_Assignment_
Where a picture appears in the data below, exclude it; restate everything else word for word.

_Record extracts_
····················

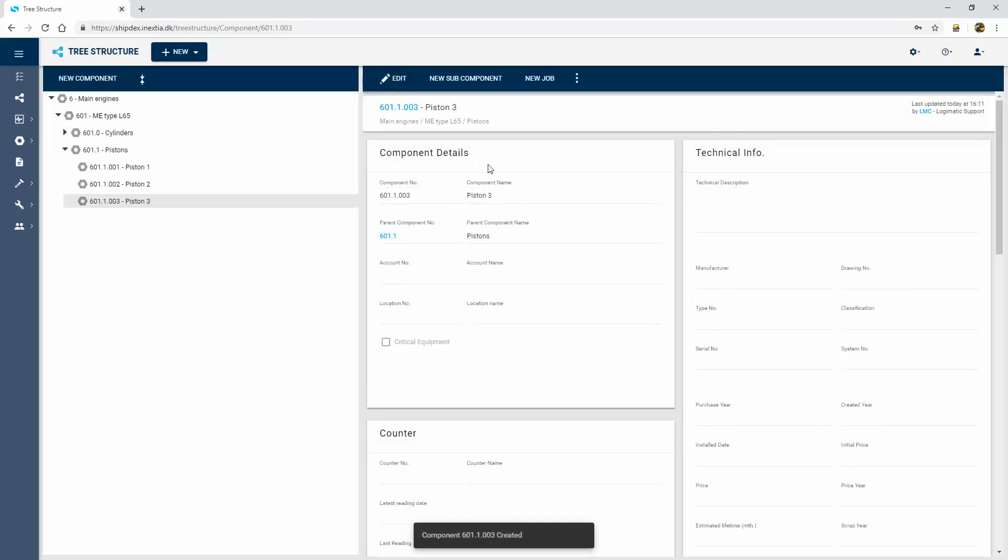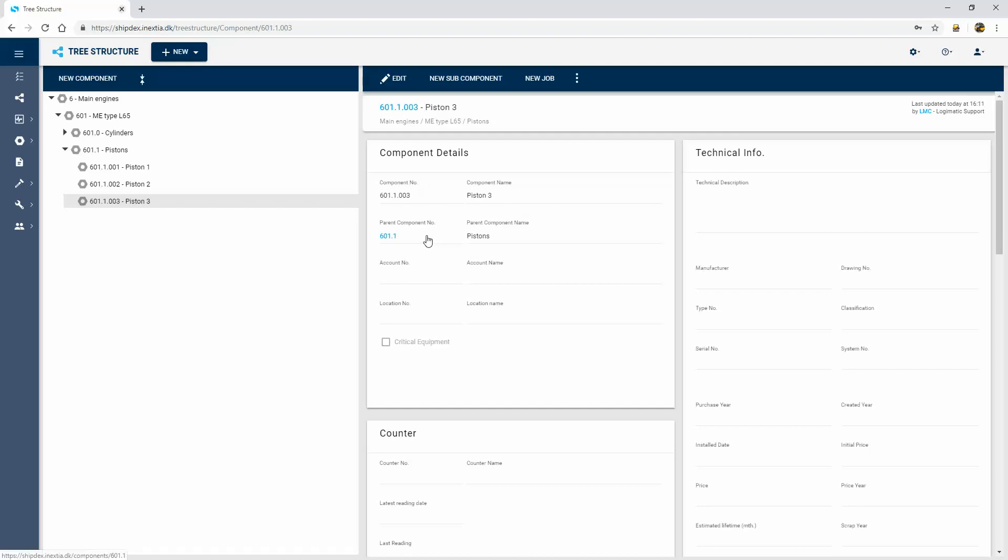You can see that I can build a very simple data structure without too much information, but I also have the option of adding a lot of technical information with type numbers and serial numbers for the different pieces of equipment.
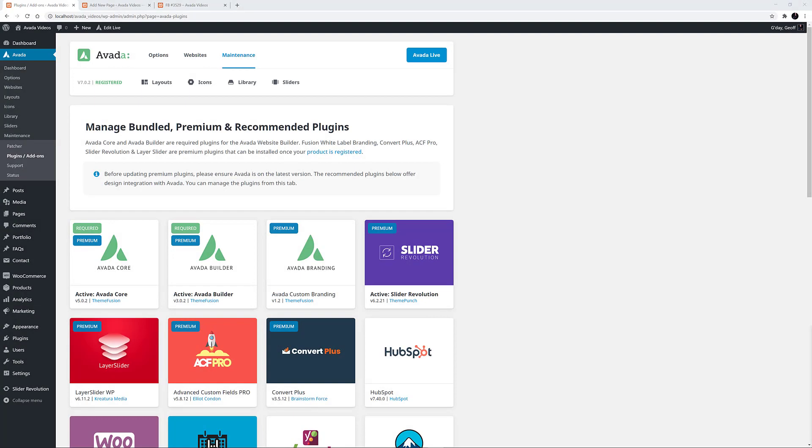Hi everyone. In this video, we're looking at how to use the Avada Custom Branding Plugin. This was recently renamed from Fusion White Label Branding, and updated for the new Avada 7.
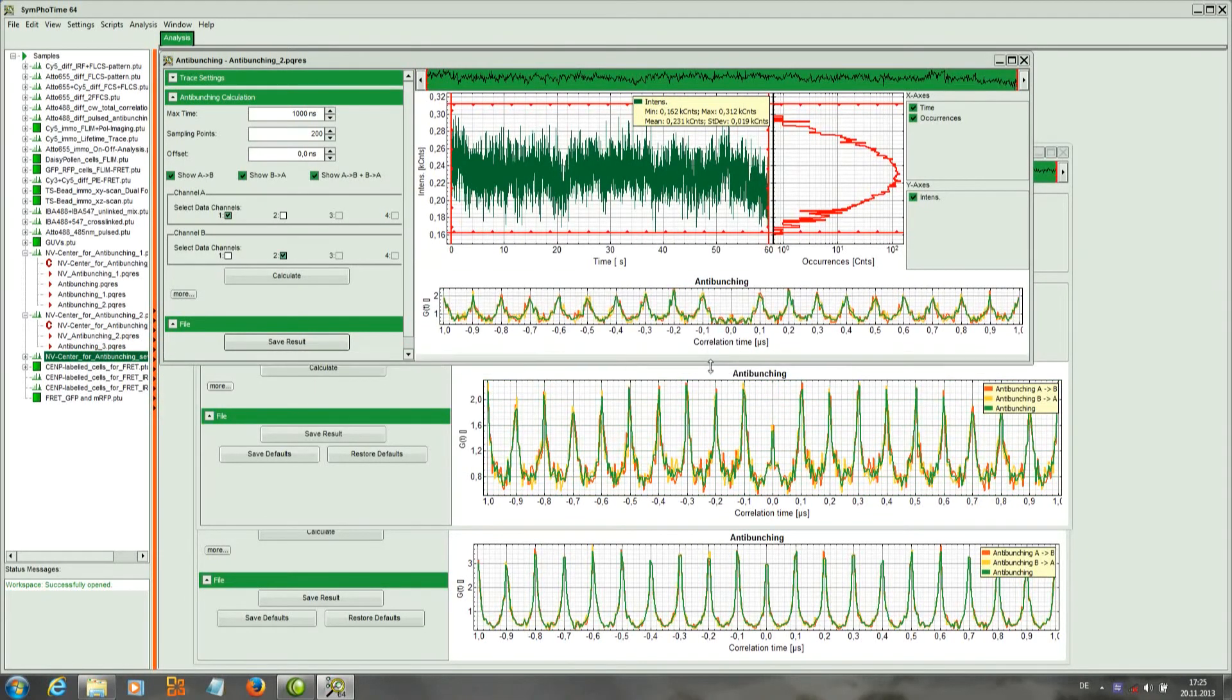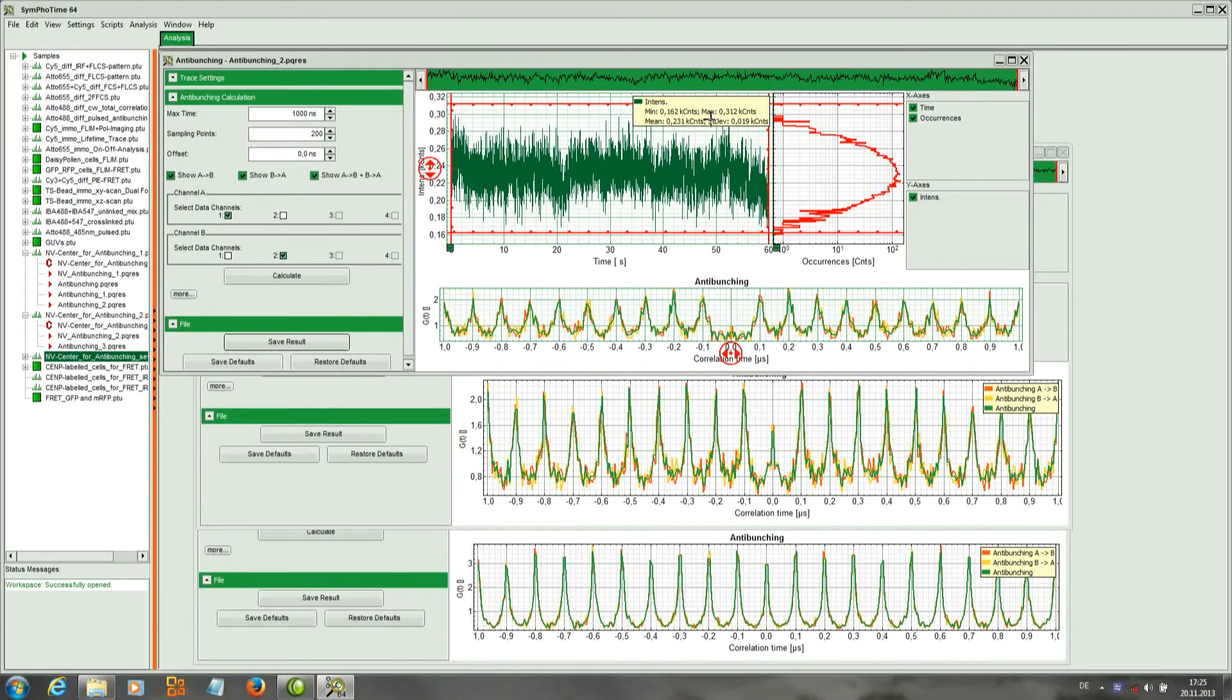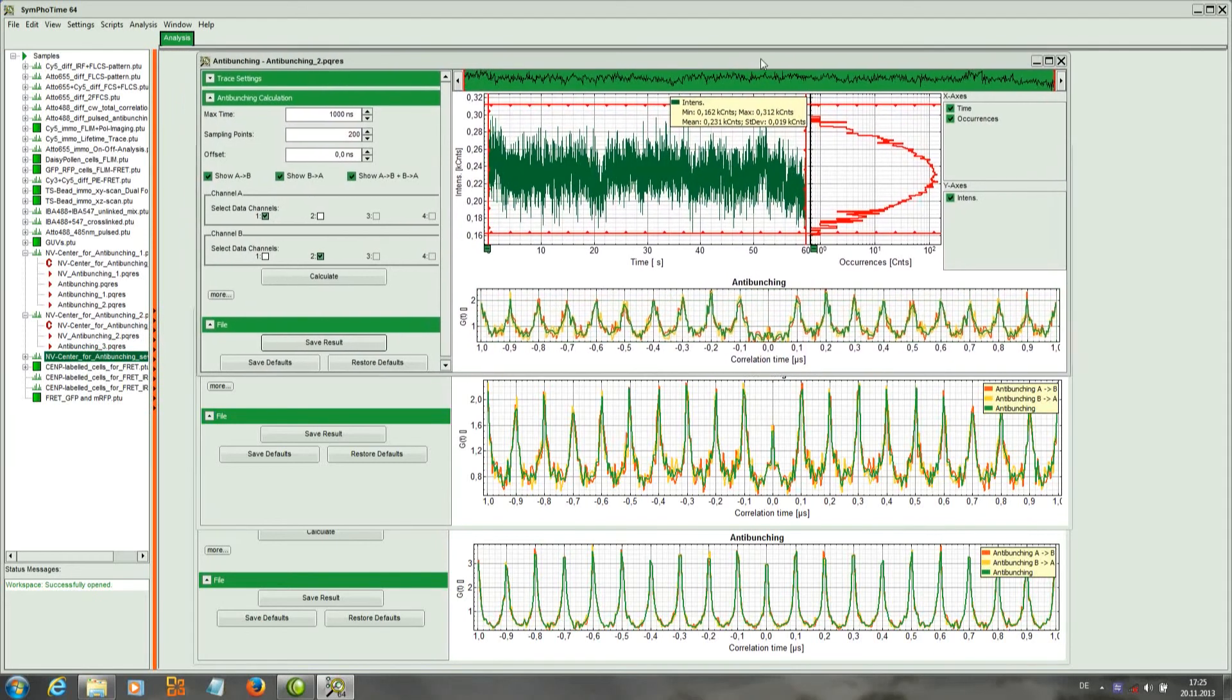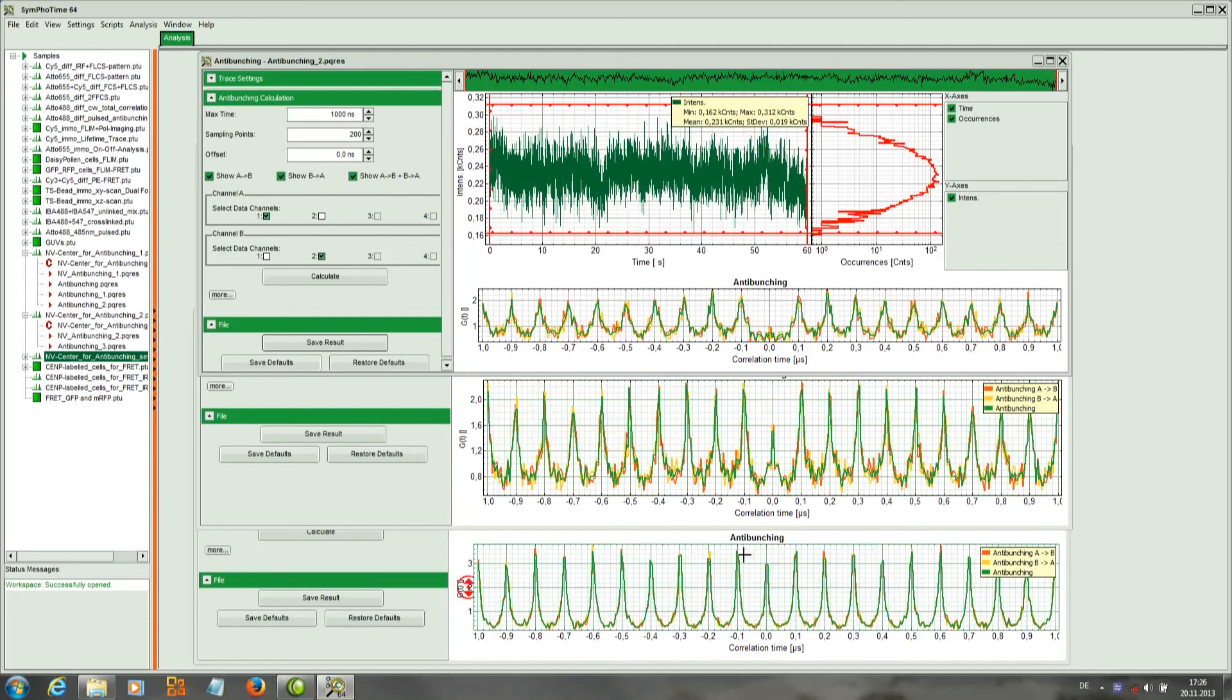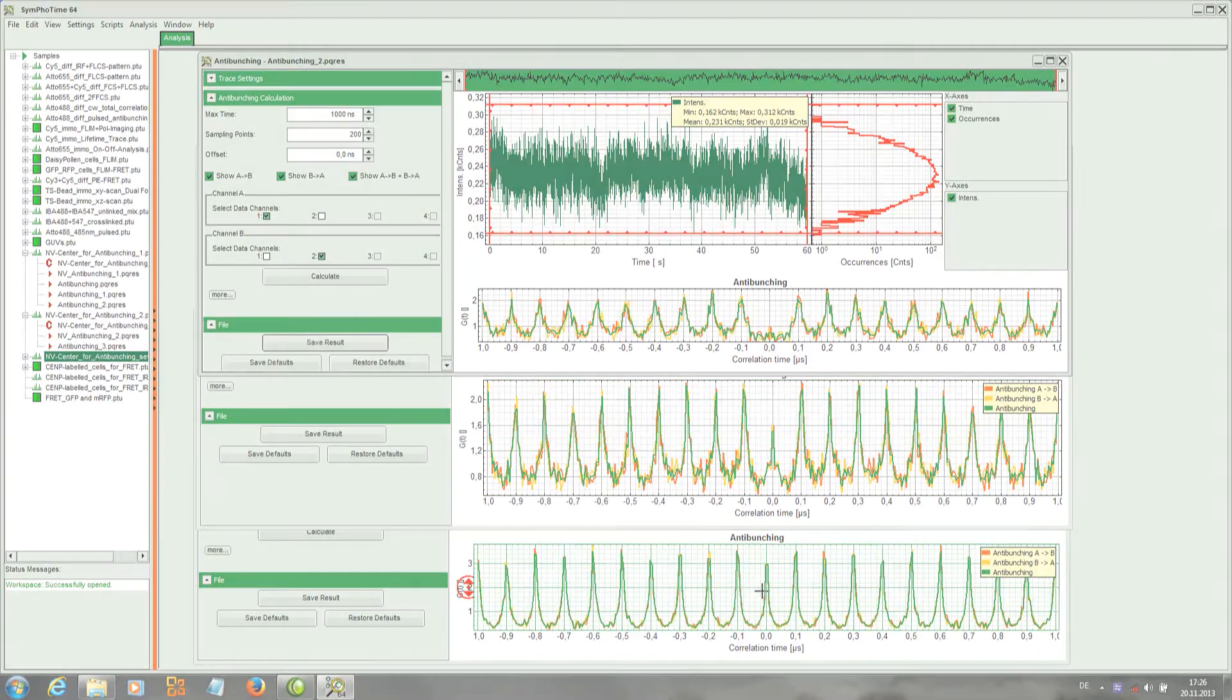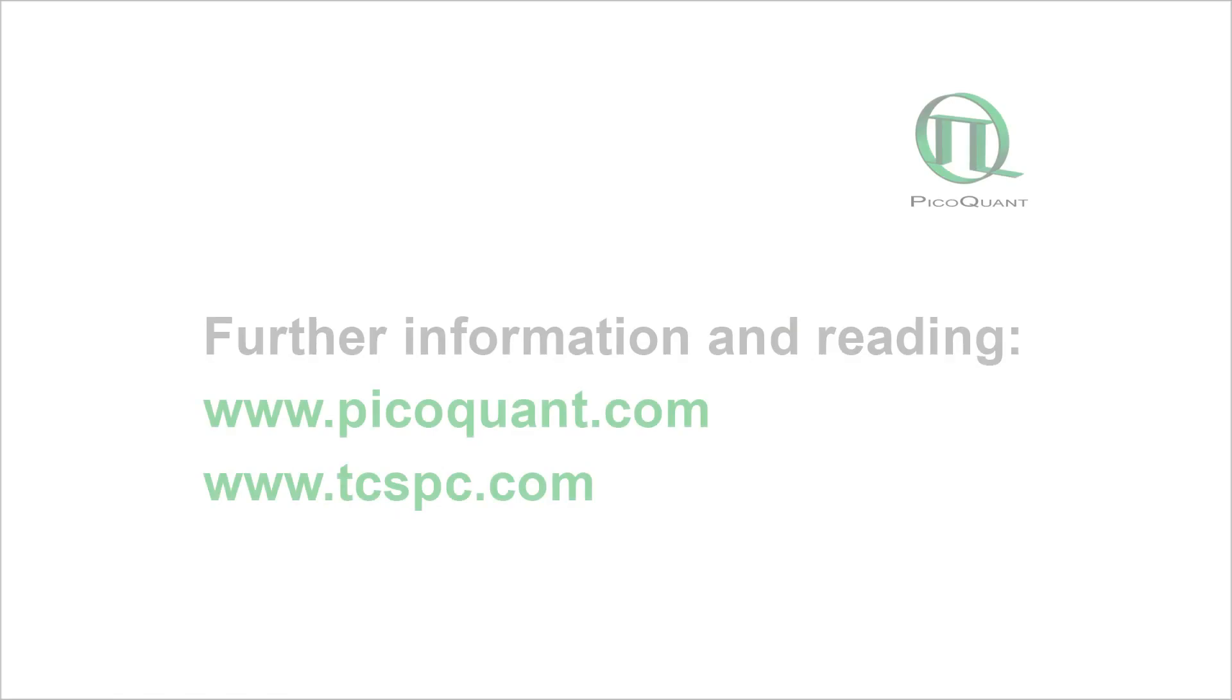So here we have basically one emitter, two emitters, and more emitters. So here we can see that.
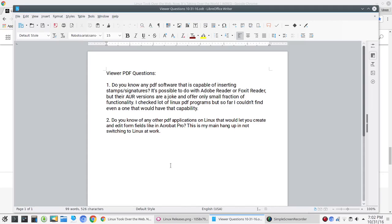So, if you are into PDF software or know of PDF software that would cover this viewer's question, please put that in the video comments. That would be greatly appreciated. And in the same vein, question two.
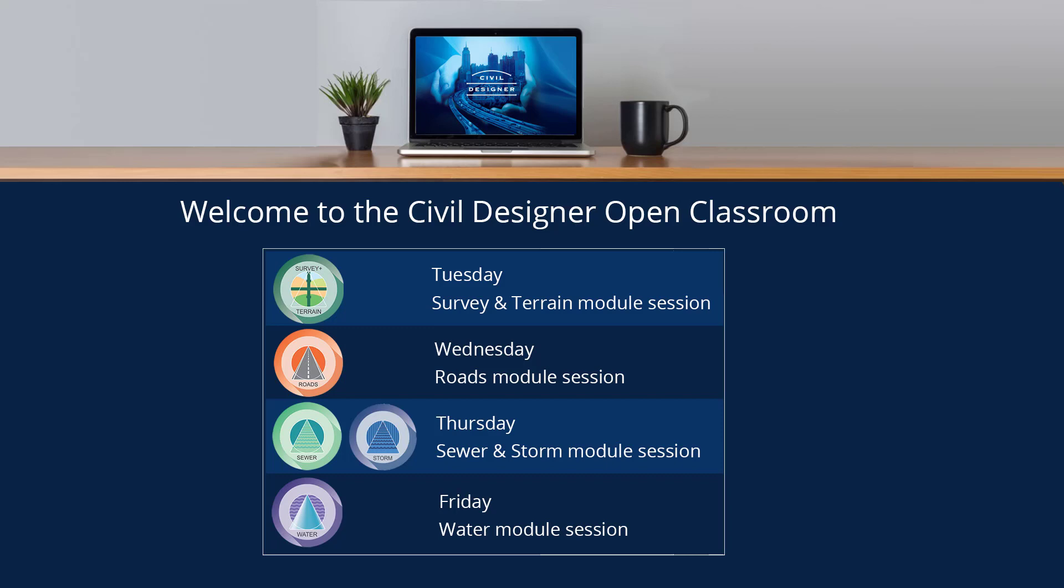Good afternoon and welcome to the first webinar in our new Open Classroom Civil Designer software webinar series. My name is Charles Scott and I'll shortly be joined by my colleague Andrew Cole. I trust that you're all well, safe, and staying at home as requested by our various governments and the World Health Organization.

····················

_Your response_
You can see that I can build a very simple data structure without too much information, but I also have the option of adding a lot of technical information with type numbers and serial numbers for the different pieces of equipment.
Hi everyone. In this video, we're looking at how to use the Avada Custom Branding Plugin. This was recently renamed from Fusion White Label Branding, and updated for the new Avada 7.
So here we have basically one emitter, two emitters, and more emitters. So here we can see that.
So, if you are into PDF software or know of PDF software that would cover this viewer's question, please put that in the video comments. That would be greatly appreciated. And in the same vein, question two.
Good afternoon and welcome to the first webinar in our new Open Classroom Civil Designer software webinar series. My name is Charles Scott and I'll shortly be joined by my colleague Andrew Cole. I trust that you're all well, safe, and staying at home as requested by our various governments and the World Health Organization.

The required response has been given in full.